Он несправедливо обидел некоторых из ранее близких людей, намеренно отдалился от других, а рыжеволосого приятеля однажды попросту выгнал из дому вместе с его супругой — и поступил очень дурно, ибо они пришли к нему с самыми добрыми намерениями. Но только начали — предельно тактично и чрезвычайно чутко — наставлять Поэта на истинный путь, как тот встал и изысканно- вежливо подал красивой подруге приятеля ее дорогое пальто.
Главное же — поэма не хотела укладываться в слова, и, привыкший одухотворять предметы и явления, он думал о ней, как о живой, что поэма права: слова рождались скучные, стертые, невыразительные.

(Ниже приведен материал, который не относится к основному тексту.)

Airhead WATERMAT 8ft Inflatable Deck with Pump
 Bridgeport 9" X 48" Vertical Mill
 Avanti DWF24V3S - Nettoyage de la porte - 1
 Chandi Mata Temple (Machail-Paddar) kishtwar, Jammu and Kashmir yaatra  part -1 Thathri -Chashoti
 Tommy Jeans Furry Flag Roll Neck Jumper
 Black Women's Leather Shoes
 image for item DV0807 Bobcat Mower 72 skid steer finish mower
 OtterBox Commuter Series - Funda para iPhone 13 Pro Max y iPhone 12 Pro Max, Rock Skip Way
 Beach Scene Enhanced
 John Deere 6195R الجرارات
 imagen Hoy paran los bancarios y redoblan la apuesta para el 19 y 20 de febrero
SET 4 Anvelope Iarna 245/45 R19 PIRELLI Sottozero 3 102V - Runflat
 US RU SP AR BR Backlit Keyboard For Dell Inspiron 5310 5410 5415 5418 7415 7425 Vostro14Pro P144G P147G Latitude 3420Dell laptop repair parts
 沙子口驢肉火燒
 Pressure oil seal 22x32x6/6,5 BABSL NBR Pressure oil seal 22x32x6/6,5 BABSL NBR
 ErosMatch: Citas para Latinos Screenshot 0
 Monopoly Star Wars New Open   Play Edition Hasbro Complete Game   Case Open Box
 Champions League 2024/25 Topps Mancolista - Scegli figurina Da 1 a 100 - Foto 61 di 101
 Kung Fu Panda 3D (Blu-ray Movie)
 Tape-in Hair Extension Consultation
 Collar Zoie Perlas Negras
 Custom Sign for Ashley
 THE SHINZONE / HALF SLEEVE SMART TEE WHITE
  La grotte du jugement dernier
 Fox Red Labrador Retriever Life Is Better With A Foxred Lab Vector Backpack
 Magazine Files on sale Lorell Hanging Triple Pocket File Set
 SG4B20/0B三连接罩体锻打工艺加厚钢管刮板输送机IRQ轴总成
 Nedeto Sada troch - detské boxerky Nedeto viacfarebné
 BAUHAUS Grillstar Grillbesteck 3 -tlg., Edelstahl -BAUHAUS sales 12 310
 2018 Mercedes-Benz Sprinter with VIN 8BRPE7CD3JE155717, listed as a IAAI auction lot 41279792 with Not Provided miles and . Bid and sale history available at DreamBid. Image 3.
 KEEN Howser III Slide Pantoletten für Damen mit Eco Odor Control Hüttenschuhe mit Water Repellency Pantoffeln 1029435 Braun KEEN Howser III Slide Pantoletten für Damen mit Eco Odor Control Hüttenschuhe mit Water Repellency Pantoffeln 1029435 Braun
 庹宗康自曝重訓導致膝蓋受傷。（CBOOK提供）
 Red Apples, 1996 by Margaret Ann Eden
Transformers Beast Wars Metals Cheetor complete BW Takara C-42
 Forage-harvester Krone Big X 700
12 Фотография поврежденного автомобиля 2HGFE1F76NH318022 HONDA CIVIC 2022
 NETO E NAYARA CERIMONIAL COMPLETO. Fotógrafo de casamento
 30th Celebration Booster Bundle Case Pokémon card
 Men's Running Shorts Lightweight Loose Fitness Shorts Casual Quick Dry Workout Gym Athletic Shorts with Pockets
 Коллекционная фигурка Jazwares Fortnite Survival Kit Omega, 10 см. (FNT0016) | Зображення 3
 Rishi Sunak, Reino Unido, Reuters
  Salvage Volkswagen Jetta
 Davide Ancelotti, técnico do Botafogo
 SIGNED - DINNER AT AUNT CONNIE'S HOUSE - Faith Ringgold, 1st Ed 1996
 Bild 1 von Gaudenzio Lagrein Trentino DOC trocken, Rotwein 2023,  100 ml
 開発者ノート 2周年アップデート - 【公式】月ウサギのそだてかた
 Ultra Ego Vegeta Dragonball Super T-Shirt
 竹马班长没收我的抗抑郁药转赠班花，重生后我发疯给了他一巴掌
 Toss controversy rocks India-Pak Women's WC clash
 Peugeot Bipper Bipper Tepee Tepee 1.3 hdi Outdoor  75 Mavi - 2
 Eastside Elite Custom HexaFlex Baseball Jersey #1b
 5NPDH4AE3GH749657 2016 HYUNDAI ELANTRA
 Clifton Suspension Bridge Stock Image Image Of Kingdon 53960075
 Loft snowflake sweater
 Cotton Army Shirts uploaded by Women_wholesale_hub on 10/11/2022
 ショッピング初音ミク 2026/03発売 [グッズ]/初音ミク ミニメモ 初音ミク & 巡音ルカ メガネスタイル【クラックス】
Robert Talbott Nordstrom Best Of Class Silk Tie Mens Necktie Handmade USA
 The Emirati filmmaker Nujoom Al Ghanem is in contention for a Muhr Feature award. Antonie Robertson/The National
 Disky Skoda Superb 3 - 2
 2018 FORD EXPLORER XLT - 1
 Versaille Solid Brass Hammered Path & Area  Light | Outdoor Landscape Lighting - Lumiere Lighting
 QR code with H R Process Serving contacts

Псина по-прежнему жила на Стоянке. Она тосковала по Тому, Кто Понимает. Несколько раз приходила к знакомому подъезду в надежде встретить его и с восторгом и благодарностью ощутить волнующее прикосновение любимой — и любящей, в этом она не сомневалась, — руки. Однажды встреча состоялась. Громадная мудрая собака мгновенно превратилась в нелепого щенка, самозабвенно повизгивающего, прыгающего, скулящего радостно и жалобно. Человек был растроган. Он гладил собаку, тормошил ее, хватал за грозную, неудержимо смеющуюся пасть, теребил крепкие короткие уши.
— Псина ты моя, чертова моя проклятая псина, чтоб тебе провалиться, не забыла меня, дура лохматая, умница моя хорошая, дрянь ты грязная, замечательная моя… — Так он бормотал не слыша себя, и глаза у человека были влажными. Собачья же душа полнилась таким неистовым восторгом, что загляни в нее сейчас кто-нибудь — он бы испугался: вот-вот разорвется ликующее песье сердце.
Замолк человек, опомнился, поник.
— Ну, иди, иди, Псина, — сказал тихо. — Твое дело — ясное, честное, собачье. Не стоит тебе с этим соприкасаться.
И заставил себя войти в лифт и нажать кнопку пятого этажа.
Собака, которую звали Псина, долго стояла у подъезда под холодным осенним дождем. Это была вторая осень после той, когда они встретились. Поздняя уже осень, неудержимо плывущая вместе с нудным непрекращающимся дождем в угрюмую промозглую южную зиму.